# Coefficient of variation

In probability theory and statistics, the coefficient of variation (CV) is a normalized measure of dispersion of a probability distribution. It is defined as the ratio of the standard deviation $\ \sigma$ to the mean $\ \mu$:

$c_v = {\sigma \over \mu }$

This is only defined for non-zero mean, and is most useful for variables that are always positive. It is also known as unitized risk.

The coefficient of variation should only be computed for data measured on a ratio scale. It does not have any meaning for data on an interval scale.[1]

Standardized moments are similar ratios, $\frac{\mu_k}{\sigma^k}$, which are also dimensionless and scale invariant. The variance-to-mean ratio, σ2 / μ, is another similar ratio, but is not dimensionless, and hence not scale invariant.

See Normalization (statistics) for further ratios.

In signal processing, particularly image processing, the reciprocal ratio μ / σ is referred to as the signal to noise ratio.

## Comparison to standard deviation

The coefficient of variation is useful because the standard deviation of data must always be understood in the context of the mean of the data. The coefficient of variation is a dimensionless number. So when comparing between data sets with different units or wildly different means, one should use the coefficient of variation for comparison instead of the standard deviation.

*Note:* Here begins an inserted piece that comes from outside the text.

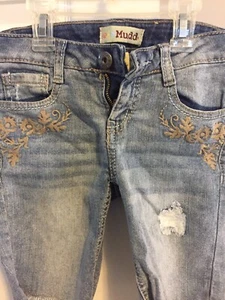 Sale! Girls Mudd Jean Long Shorts Size 8 Adjustable Waist - Distressed Look - Picture 1 of 5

• When the mean value is near zero, the coefficient of variation is sensitive to small changes in the mean, limiting its usefulness.
• Unlike the standard deviation, it cannot be used to construct confidence intervals for the mean.

## Applications

The coefficient of variation is also common in applied probability fields such as renewal theory, queueing theory, and reliability theory. In these fields, the exponential distribution is often more important than the normal distribution. The standard deviation of an exponential distribution is equal to its mean, so its coefficient of variation is equal to 1. Distributions with CV < 1 (such as an Erlang distribution) are considered low-variance, while those with CV > 1 (such as a hyper-exponential distribution) are considered high-variance. Some formulas in these fields are expressed using the squared coefficient of variation, often abbreviated SCV. In modeling, a variation of the CV is the CV(RMSD). Essentially the CV(RMSD) replaces the standard deviation term with the Root Mean Square Deviation (RMSD).